Notice I asked for “wrongfully executed” in the last decade, and it was a trick question, sorta, for as far as I know, there have been NONE.

And I could go for the “campbell” plan, as long as it was “2 strikes”.

And jabe- folks DO escape, or kill guards, or other prisoners, you know. Why give them a FOURTH chance?

Hi Daniel.

Did you look at the link to the Chicago Tribune story? It made my blood run cold. People convicted with perjured tesimony, with confessions coerced with torture, with prosecuters suborning perjury and ignoring the rules of evidence, with defense lawyers so grossly incompetent and unethical they were later disbarred, all white juries for black defendants, and at least one judge who forgot he was supposed to be impartial.

After all the people wrongfully convicted, some of them who were literally minutes away from execution, is it so hard to believe that some innocent people were actually executed? With all that, you have to admit it’s possible.

Since the 23 executions mentioned in the other site were not detailed, I don’t believe that we can assume that they were all ‘legal lynchings’. At least, not yet.

Care to show me all of the escaped prisoners who should have in your estimation been excecuted, broke out and killed a dozen people? A whole bunch of them too, because I’m sure that you know that your citation has to have statistical relevance, right?

I’ll wait over here…


Yer pal,
Satan

Satan: Care to talk to the families of the five people
Ted Bundy killed and the two women he almost killed
when he escaped from jail in Colorado and then went
to Florida. Were those five (almost seven) lives
insignificant? Fortunately, Florida was smart enough
to fry his ass.

Thanks, annie: OK, satan, it’s 5 “innocents killed by someone who should have been exceuted” (within the last couple of decade) vs 0 “innocents wrongfully executed”.

Dr. What’s-His-Name, whose case they used for “The Fugitive” was innocent.

If a bad guy kills a bunch of people, he is evil.
If we convict and kill one innocent person, we are evil.

I must agree that I would have had a “Burn Bundy” bumper sticker. I knew he was guilty. I presume that every person on every jury who convicted an innocent person knew he was guilty.

The judge who ruled against me when Emergency Plumbing destroyed my property and left bare electrcial wires on the ground where my daughter would play knew I was guilty because I wore a tie and the other guy wore jeans and a cowboy hat.

The motivation behind the death penalty is simple; remove permanently from society those who prove a danger to it’s individual members.

Let’s see, people I figure deserved to die: Hitler, all of his commanders who ran the death camps, the Japanese commanders who encouraged and demanded no mercy be shown to prisoners of war, the Japanese Military leaders who lied to the Emperor of Japan to get into the war for their own gains and Stalin.
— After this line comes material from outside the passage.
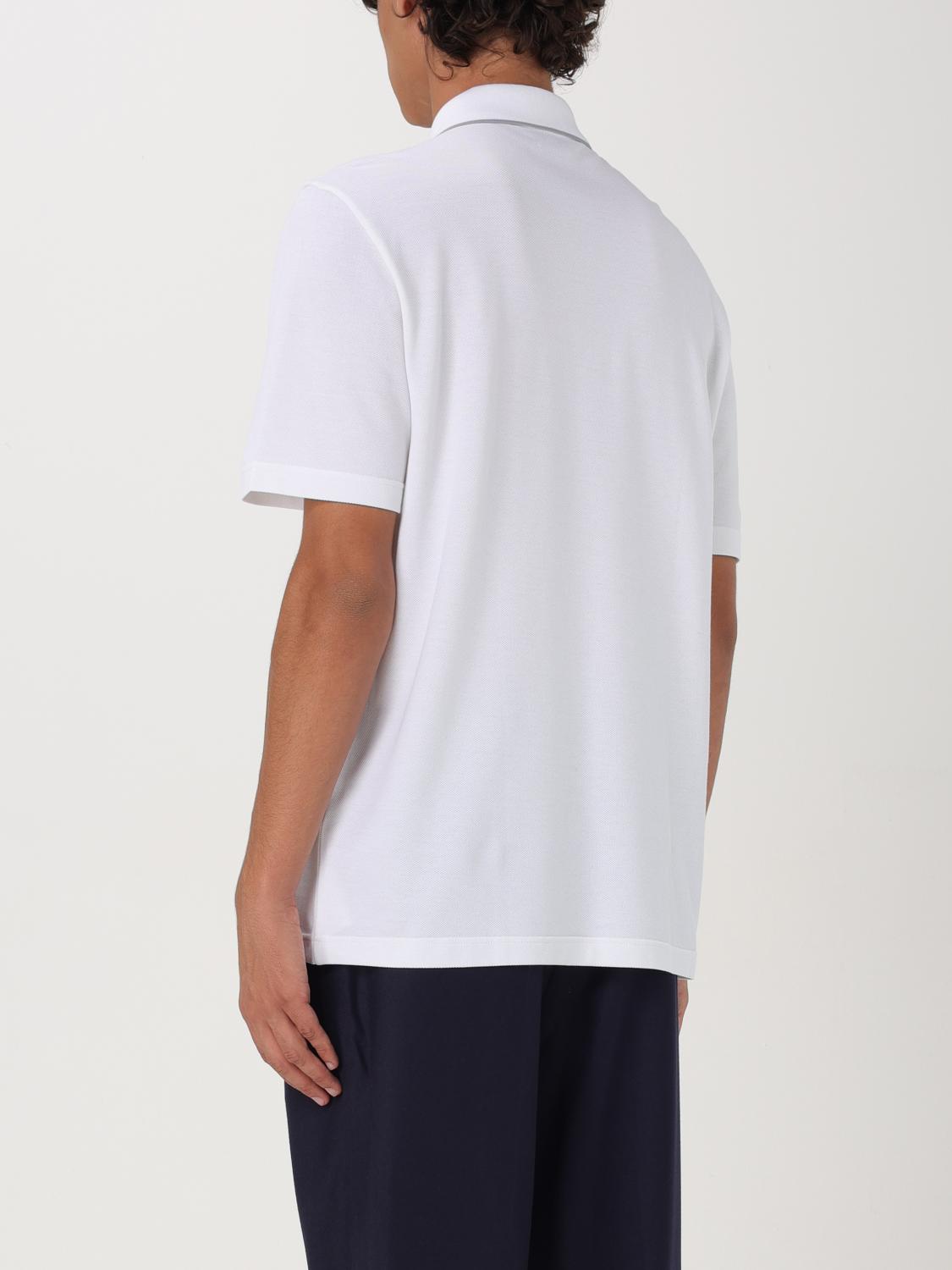 BRIONI POLO SHIRT: Polo shirt men Brioni, White - Img 2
The Nazi commanders who killed prisoners in the death camps for sport need to be in there also.

The way I look at it, the more heinous the crime of murder, the more the death penalty needs to be used. Bundy was a classic example, so was Gacey. There was a guy who not only murdered another one, but hauled his body into a bathroom and left him gutted like a deer. I figure a lot of Mafia hit men who take time to slowly suffocate their victim, after beating him nearly to death, hammering his teeth out and breaking most of his bones could use being exterminated.

I don’t want to pay my taxes to keep such people alive, nor do I ever want the possibility of anyone managing to get them placed on parole. There is a difference in murder from simple – where one shoots the victim to cruel and lingering where one sadistically inflicts much pain over a period of time. Not to mention where one kills again and again for whatever motive.

Some people, in my opinion, if not executed, need to be locked forever away in some place secure, away from other people with limited luxuries like TV and phone, but who wants to pay for that? Monies going to keep them locked up and healthy could be used to provide food and shelter for the local poor who have not killed anyone.